Sayanthika, a student of Journalism from Mount Carmel College in Bengaluru, is a budding journalist, a poetess, and a performer. The chirpy 26-year-old woman believes that her life is like a rainbow, so she leads a colourful life. The first pride show that she had attended was in 2015, which incidentally also happened to be the first pride show that RJ Shilok Mukkati had attended. Sayanthika has considered Shilok a source of inspiration ever since.
When asked to define herself in five sentences, she starts with “a poet”, stating that everything she is today has come out through poetry – be it her sexuality, her opinions on social issues, and even her personal life. For her, everything is best expressed through poetry. When asked, several times, as to why she is unabashed and vocal about her sexuality, she states that her sexuality needs to be asserted in these times and is, hence, open about her identity as a lesbian. Sayanthika had discovered her sexuality at the age of 24, and while recalling her adolescent years spent in Gwalior, she mentions a four-year-long distance relationship with a boy, one that hadn’t led to any sexual exploration.
She also speaks about the incident that changed how she views herself. She shares with us the fact she is a rape survivor. The aftermath of the incident was an extremely difficult time during which she went through therapy for PTSD, trying to put behind days when she was locked up and grappling with moments of self-injury. Having overcome stormy days, she feels the need to come out and speak up because she feels this would make us not victims but fighters, or survivors. Opening up and talking about one’s own experiences is a form of therapy in itself. Sayanthika fought long and hard, staying all by herself for 8 months, and was later taken to a doctor with whose help she spent years in counseling. Here she found the strength within her to start again.
After moving to Bengaluru, she tried exploring her sexuality and felt more attracted to girls. She recalls her experience of falling in love with a girl here. Although she never dated her, the girl became her mentor and guide; she taught her what it is to come to terms with herself and her sexuality. She made many friends over the years and also came out to her parents by sending them clips of college poetry shows she had performed at. She clearly remembers how her mother spelled her out on being gay in a funny experience in Goa. She feels she is blessed to have supporting parents and believes that familial support is essential for members of the community to accept themselves. She stresses on the significance of members coming out to share their stories because a number of us go through the struggles but keep mum due to societal pressures and norms. She feels that the time is right for us to stop keeping quiet and to voice out our stories. Which is why she performs – not just for being vocal to herself but for being vocal for all the women who need that push to come forward.

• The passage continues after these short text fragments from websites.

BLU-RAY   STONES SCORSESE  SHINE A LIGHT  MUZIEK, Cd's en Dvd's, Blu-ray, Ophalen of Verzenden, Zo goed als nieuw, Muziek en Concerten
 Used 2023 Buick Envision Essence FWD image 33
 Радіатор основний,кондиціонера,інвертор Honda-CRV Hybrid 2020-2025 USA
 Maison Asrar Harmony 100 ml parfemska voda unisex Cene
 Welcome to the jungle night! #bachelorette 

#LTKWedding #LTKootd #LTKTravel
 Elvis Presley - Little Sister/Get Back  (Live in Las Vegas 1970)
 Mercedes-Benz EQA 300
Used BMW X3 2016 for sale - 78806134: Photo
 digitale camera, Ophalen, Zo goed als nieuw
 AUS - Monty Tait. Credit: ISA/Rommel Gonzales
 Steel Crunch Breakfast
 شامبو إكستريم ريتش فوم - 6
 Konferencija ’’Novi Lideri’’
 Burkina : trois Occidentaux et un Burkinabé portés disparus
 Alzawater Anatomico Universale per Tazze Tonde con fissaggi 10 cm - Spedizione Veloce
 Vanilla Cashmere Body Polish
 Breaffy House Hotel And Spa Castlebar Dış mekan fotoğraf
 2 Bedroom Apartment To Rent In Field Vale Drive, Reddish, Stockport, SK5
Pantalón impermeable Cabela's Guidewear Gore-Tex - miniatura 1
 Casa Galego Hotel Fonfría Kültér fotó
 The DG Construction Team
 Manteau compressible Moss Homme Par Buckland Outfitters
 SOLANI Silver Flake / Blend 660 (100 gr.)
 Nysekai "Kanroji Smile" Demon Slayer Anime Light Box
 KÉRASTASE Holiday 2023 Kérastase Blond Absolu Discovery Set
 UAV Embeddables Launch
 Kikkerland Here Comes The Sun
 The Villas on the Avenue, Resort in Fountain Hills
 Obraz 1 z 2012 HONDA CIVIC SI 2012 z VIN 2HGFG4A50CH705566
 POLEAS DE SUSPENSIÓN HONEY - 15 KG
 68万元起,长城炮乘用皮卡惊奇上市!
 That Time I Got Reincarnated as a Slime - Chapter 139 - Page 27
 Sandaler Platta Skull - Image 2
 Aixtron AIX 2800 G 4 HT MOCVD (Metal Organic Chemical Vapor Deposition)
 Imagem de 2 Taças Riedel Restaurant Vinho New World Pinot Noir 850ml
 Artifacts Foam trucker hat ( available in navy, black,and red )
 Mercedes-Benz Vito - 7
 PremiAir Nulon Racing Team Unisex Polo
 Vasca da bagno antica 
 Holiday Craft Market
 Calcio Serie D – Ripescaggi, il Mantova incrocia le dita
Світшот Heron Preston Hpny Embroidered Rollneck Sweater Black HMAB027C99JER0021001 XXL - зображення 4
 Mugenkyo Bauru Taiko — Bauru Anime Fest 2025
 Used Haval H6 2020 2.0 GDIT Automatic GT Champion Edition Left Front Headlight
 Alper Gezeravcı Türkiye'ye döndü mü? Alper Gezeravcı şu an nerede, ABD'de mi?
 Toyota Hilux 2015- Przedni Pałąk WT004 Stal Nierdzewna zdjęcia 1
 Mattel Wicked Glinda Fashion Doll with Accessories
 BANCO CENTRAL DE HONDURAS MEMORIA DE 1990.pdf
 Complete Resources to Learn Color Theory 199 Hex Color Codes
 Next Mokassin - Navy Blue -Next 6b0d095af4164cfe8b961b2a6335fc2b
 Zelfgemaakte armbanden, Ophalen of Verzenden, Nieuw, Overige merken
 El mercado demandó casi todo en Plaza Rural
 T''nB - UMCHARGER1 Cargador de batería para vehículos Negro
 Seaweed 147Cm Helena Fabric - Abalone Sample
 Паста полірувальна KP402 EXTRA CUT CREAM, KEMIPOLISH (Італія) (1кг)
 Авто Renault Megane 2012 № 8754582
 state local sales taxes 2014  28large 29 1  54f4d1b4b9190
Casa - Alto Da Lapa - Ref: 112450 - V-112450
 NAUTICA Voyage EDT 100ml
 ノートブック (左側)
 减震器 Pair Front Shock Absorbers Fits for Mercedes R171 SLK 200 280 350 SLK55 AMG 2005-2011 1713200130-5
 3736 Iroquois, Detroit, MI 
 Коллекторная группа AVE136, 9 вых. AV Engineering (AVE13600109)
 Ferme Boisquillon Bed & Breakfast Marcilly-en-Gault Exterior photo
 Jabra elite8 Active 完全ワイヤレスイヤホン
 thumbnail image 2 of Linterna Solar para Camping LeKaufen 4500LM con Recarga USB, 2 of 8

Sayanthika is currently pursuing a triple major at Mount Carmel College, where along with studying Journalism she is honing her writing skills as well.
In her life, Sayanthika believes that she has not only fought for but also found happiness, and that poetry and her true self have been the twin foundations of that happiness. In this interview, Sayanthika urges women to come out and speak about their experiences as there exist platforms that lend a patient ear and are willing to help out.